Collection entries
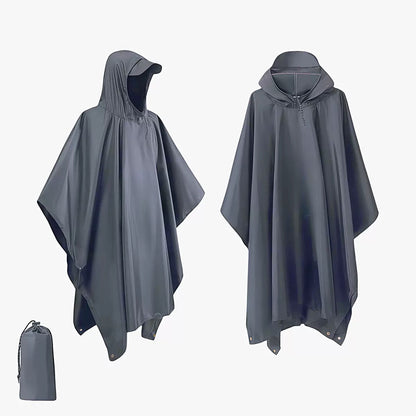 Militærstil Hætte Regn Poncho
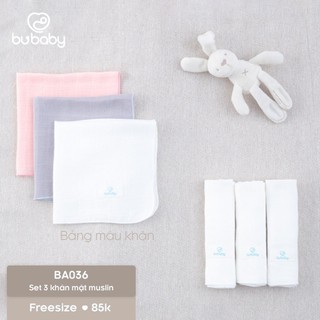 Bu! Set 3 khăn/ set 5 khăn sữa sợi tre muslin cho các bé!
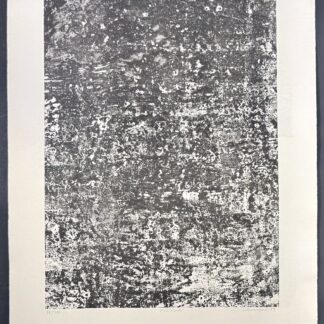 Jean DUBUFFET : Mur écaillé, 1959 (signé)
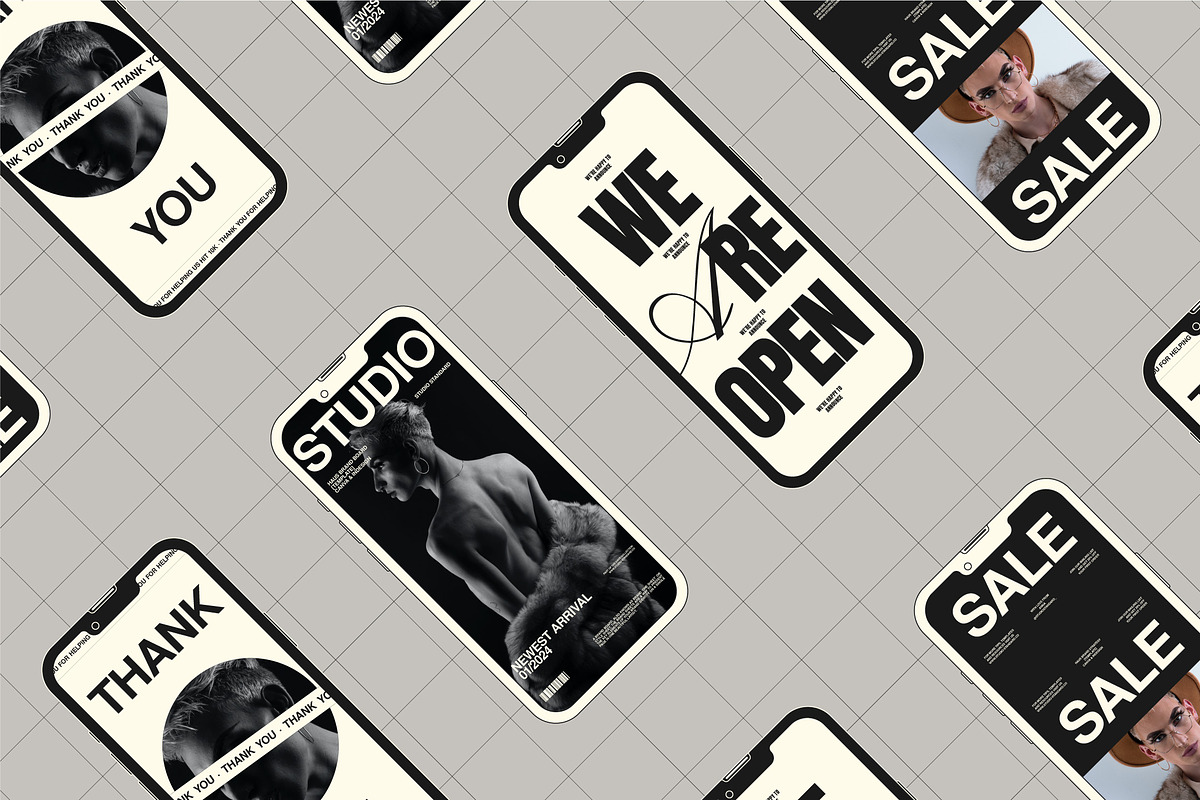 Outline Device Mockups - Vector Pack, an iPhone Mockup by Mr.Mockup™ (Photo 8 of 14)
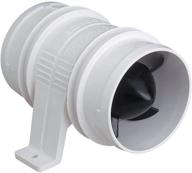 attwood 1733-4 blower bilge 3-inch water resistant, white logo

◆ **ABOUT THIS TASK**: Print every line above exactly. Leave the pictures out.

◆ **SOLUTION TO THIS PROBLEM**:
 Militærstil Hætte Regn Poncho
 Bu! Set 3 khăn/ set 5 khăn sữa sợi tre muslin cho các bé!
 Jean DUBUFFET : Mur écaillé, 1959 (signé)
 Outline Device Mockups - Vector Pack, an iPhone Mockup by Mr.Mockup™ (Photo 8 of 14)
 attwood 1733-4 blower bilge 3-inch water resistant, white logo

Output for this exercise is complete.